• **ABOUT THIS EXERCISE**: Two lines mark the range in the entries below: the one holding "Now we're going" and the one holding "Train Hey Siri". Set down those two and all lines between them, exactly.

• **RECORDS**:
····················

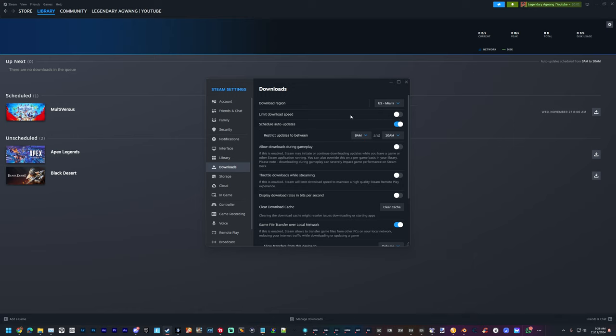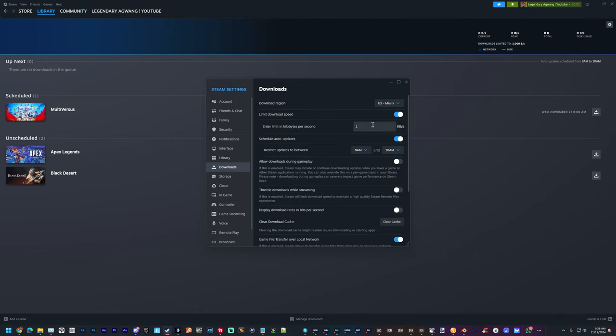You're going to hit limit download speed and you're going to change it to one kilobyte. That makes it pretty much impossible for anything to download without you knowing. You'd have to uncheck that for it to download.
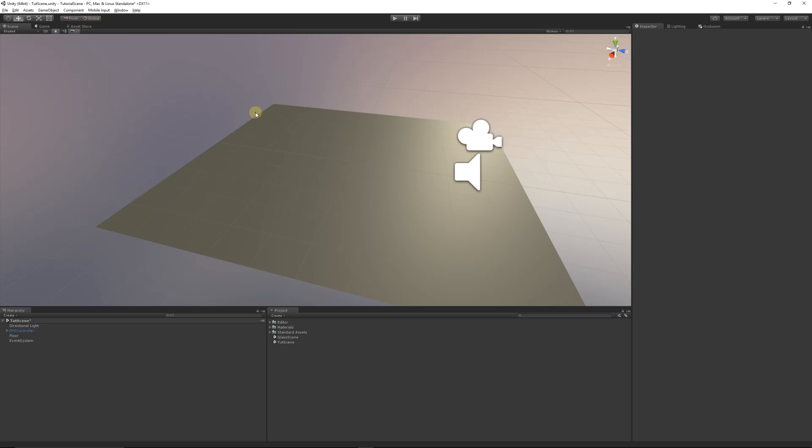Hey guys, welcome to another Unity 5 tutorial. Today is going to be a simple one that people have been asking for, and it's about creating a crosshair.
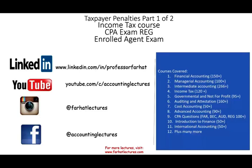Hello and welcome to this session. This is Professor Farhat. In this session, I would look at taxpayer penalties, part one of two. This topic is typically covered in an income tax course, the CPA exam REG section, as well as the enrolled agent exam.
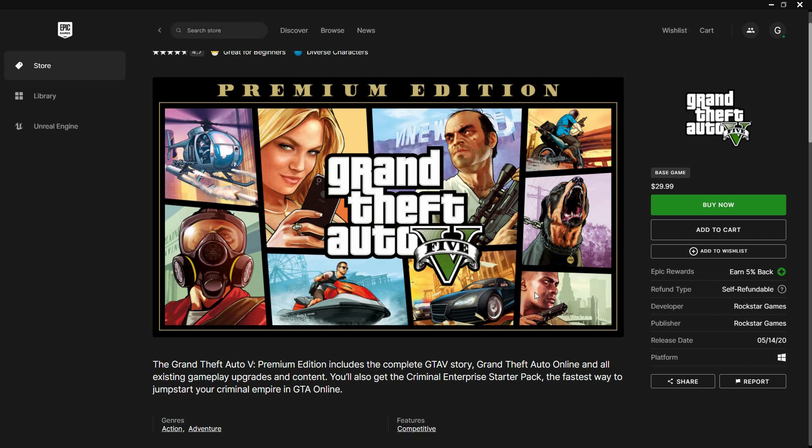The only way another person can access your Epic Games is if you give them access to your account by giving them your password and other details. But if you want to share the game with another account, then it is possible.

····················

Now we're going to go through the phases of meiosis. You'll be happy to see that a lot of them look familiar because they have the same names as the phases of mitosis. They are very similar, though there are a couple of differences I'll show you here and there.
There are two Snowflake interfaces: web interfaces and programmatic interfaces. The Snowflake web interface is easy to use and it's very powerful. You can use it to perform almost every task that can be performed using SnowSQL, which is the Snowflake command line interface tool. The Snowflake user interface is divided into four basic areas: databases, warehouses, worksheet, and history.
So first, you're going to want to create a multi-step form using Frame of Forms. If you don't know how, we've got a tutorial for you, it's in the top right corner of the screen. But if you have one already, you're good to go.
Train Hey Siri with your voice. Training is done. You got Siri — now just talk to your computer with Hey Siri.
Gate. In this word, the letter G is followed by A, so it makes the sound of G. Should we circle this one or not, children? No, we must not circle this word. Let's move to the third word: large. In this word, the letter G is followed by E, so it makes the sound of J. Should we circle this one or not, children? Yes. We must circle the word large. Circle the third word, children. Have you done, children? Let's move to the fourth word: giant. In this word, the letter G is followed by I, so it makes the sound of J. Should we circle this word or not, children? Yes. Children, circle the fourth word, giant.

····················

• **RESPONSE TO THIS TASK**:
Now we're going to go through the phases of meiosis. You'll be happy to see that a lot of them look familiar because they have the same names as the phases of mitosis. They are very similar, though there are a couple of differences I'll show you here and there.
There are two Snowflake interfaces: web interfaces and programmatic interfaces. The Snowflake web interface is easy to use and it's very powerful. You can use it to perform almost every task that can be performed using SnowSQL, which is the Snowflake command line interface tool. The Snowflake user interface is divided into four basic areas: databases, warehouses, worksheet, and history.
So first, you're going to want to create a multi-step form using Frame of Forms. If you don't know how, we've got a tutorial for you, it's in the top right corner of the screen. But if you have one already, you're good to go.
Train Hey Siri with your voice. Training is done. You got Siri — now just talk to your computer with Hey Siri.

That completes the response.